The initial design, in 2013, was for a building that retained some of the West Heating Plant’s structure and façade. After structural analysis determined that little of the deteriorated building’s fabric could be saved, the developers put forward a second proposal, based on razing the entire plant, at the end of 2015.

In the new plans, the size of the building — now horizontally oriented and faced with marble — was reduced from about 220,000 square feet to about 170,000. The main entrance moved back to 29th Street. A bridge over the canal, linking the new building to the Four Seasons, was gone. The park, over a parking garage, had been redesigned by former Harvard chair of landscape architecture Laurie Olin, who had come out of retirement to replace Ignacio Bunster, designer of the 10-acre Georgetown Waterfront Park, after Bunster left WRT Design.

While praising the park, the Georgetown-Burleith Advisory Neighborhood Commission responded lukewarmly to the new building design, approving two resolutions. One stated, “The massing of the building and the height of the structure are inappropriate to the location and out of scale with the historic district of Georgetown,” and the other questioned the appropriateness of the demolition.

Then, the following February, the Old Georgetown Board voted to oppose razing the West Heating Plant, putting the new plans in limbo, barring the overruling of the board’s decision by the Mayor’s Agent for Historic Preservation.
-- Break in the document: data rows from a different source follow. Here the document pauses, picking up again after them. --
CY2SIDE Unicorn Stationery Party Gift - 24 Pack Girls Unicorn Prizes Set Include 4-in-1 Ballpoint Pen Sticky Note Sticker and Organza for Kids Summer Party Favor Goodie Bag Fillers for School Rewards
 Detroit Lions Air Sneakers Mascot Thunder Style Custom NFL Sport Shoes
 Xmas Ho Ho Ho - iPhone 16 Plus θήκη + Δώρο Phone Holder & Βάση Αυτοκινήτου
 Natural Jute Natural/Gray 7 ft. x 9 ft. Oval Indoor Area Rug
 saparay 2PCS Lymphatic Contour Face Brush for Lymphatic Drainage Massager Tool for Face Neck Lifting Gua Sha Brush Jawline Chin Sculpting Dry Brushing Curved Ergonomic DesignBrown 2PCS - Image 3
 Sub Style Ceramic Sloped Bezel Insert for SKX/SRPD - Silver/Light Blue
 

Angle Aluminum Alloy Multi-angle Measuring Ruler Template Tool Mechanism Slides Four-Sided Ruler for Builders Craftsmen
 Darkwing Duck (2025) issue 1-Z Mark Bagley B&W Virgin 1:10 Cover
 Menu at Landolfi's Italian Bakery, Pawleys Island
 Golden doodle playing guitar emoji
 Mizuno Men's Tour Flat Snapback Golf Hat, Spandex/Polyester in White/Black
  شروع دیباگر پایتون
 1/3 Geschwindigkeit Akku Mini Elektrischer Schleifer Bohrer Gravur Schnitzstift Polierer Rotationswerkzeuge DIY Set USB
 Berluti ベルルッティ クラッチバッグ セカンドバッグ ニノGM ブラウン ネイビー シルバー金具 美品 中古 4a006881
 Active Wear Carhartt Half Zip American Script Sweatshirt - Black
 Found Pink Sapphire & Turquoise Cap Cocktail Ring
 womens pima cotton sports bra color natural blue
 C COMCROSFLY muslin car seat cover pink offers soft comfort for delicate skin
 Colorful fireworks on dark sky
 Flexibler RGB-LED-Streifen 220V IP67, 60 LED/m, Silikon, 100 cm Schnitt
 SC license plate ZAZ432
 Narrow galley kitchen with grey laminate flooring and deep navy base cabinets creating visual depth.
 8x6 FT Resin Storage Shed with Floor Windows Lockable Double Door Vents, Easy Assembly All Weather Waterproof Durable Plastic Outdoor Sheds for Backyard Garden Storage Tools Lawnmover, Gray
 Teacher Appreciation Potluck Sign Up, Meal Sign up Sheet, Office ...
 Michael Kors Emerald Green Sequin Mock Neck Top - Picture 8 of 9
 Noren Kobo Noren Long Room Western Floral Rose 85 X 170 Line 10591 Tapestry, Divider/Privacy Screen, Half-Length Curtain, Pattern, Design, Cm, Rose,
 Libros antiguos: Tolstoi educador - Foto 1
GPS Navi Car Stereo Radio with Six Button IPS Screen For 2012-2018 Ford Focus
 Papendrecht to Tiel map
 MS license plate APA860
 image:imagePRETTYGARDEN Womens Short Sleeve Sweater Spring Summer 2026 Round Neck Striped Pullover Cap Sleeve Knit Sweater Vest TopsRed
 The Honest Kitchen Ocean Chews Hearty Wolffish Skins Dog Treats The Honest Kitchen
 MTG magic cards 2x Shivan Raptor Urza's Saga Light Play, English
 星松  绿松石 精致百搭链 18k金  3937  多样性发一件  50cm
For this to happen, the project would have to be deemed “of special merit.”

Strongly critical of the new design — not because it would require the plant’s demolition, but because it is “completely out of context” — is former Citizens Association of Georgetown president Ray Kukulski. “That building would be as out of place in Georgetown’s historic industrial waterfront as a wedding cake on a carpenter’s workbench,” he remarked.

The latest version of the project was to be presented at a CAG meeting at the House of Sweden in January. That meeting was postponed and has now been rescheduled for March 9 at the Four Seasons. The new design is said to return to a partial-preservation approach.

Known primarily for his public and nonprofit work, Adjaye said he has moved more into the commercial sector in recent years, operating in “a sort of blur between the two.” The West Heating Plant project, with its park component, appears to fall into this category. By creating an “elevated belvedere that will become a destination,” his vision involves “retooling your perception of this place and why you would come here,” he explained.

Pending the necessary approvals and environmental remediation (also ensuring that an underground sewer line is protected), the project could be completed as soon as 2020.

“The architect is making a mighty effort to recognize the value and strength of what’s there now,” said former ANC 2E member Tom Birch, who lives on 29th Street. “I can see the West Heating Plant from my bedroom window and it will be nice to have a David Adjaye-designed building to look at.”